Are tradesmen trying to rip me off?

That’s a great question and one we’ve heard dozens of times.


The answer could be yes depending on who you talk to; ‘tradesmen are overpriced and you gotta watch them or they’ll do a shoddy job’,

‘They come from the mines and think they can charge whatever they like’ ….

However, on the whole, I’d say the answer is NO, they are not trying to rip the client off. Sometimes it’s a case of ‘is the client being unreasonable’ or more to the point ‘is the client educated in what a tradesperson does?’


A tradesperson with his/her own business is trying to earn a buck like anyone else. They advertise their business with flyers into your letterbox and adverts in newspapers trying to catch your attention. They provide the client with a quote to do the job and if the tradesperson is good, the quote will be fair and an accurate reflection of the workmanship they’ll provide.

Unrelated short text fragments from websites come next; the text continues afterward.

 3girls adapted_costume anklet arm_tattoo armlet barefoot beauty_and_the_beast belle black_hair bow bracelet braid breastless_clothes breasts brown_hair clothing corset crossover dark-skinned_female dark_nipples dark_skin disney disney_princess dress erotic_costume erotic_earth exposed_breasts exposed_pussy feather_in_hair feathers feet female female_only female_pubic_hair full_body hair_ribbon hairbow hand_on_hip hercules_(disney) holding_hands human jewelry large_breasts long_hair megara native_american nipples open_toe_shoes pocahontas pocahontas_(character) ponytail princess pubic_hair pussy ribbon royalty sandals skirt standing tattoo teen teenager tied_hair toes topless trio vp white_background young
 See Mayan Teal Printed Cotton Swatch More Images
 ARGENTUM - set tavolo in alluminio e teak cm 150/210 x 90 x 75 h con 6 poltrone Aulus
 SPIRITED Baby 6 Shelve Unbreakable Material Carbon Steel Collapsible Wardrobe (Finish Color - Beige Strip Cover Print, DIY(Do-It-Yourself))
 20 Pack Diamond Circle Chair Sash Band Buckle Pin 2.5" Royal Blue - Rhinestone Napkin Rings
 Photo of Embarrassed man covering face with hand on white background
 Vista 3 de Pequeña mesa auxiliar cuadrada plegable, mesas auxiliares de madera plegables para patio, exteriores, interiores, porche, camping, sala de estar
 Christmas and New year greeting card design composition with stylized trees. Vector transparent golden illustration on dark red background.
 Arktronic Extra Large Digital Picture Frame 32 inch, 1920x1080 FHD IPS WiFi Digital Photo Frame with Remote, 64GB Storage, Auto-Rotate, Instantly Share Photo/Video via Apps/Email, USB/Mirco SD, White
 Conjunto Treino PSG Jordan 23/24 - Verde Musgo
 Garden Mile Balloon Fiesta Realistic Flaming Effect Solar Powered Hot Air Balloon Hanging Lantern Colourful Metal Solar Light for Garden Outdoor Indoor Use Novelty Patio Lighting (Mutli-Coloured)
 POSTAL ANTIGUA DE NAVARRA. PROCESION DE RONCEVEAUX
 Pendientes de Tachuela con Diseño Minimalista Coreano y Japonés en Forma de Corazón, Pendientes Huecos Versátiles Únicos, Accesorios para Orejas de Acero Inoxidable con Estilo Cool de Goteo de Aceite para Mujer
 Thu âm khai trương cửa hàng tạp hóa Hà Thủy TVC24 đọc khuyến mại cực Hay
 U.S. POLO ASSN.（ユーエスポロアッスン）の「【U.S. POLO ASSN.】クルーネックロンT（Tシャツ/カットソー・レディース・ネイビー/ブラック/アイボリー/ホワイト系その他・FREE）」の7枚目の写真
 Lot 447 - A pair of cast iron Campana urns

Honestly, how much would you charge to:

1) Pay at least $1,400.00 to print a months worth of flyers and have them delivered into letterboxes of prospective clients?2)Commute to a clients house in your own time (not getting paid at this point)?
3) Spend time with the client talking about problem solving for their particular needs (not getting paid for this free advice)?
4) Drive back to the office (again not getting paid for this or the petrol being used)?
5) Spend considerable time working out the details of the job, drawing plans or sketches, chasing suppliers for prices, then generating the quote and sending it to the client. Depending on the job, this could take 1/2 hour or 3 hours plus?
6) Follow up with the client a week later to find if they are successful in winning the clients’ job?
7) Handle a ton of rejection with clients not ringing you back or never responding to your emails or abusing you for charging what they think is unreasonable or copping a lot of abuse when accidentally receiving your “junk mail” into their letterbox?

Now …. if the tradesperson gets the job, they then have to collect the material and take it to the clients house ready for use. This could take 2 or more trips. Again, this is something they don’t get paid for. They also don’t get paid fully upfront by the client so they have to spend their own money to buy materials.
A tradesperson with their own business does A LOT of work without being paid.
A tradesperson has also spent time doing an apprenticeship (possibly up to 4 years), been to trades school to learn theory of their craft and spent years working in their industry to refine their skill. How is that any different from a professional university graduate?

So, is your tradesperson trying to rip you off? Take as much money from you as they can get?
Well … I’m afraid it depends on who you are engaging in to do your project. The old saying, you get what you pay for is true. You go for a cheap, unprofessional tradesperson, you get a cheap, bad job. You engage in a tradesperson with a proven work history, professional and personal high work ethic and you’ll get a great job.

When you think you are being ripped off, consider this factor – fair exchange.
Has your tradesperson provided a written quote, done the hard yards (considering the 6 points above) and do you actually like the tradesperson? Then, give the exchange that is fair.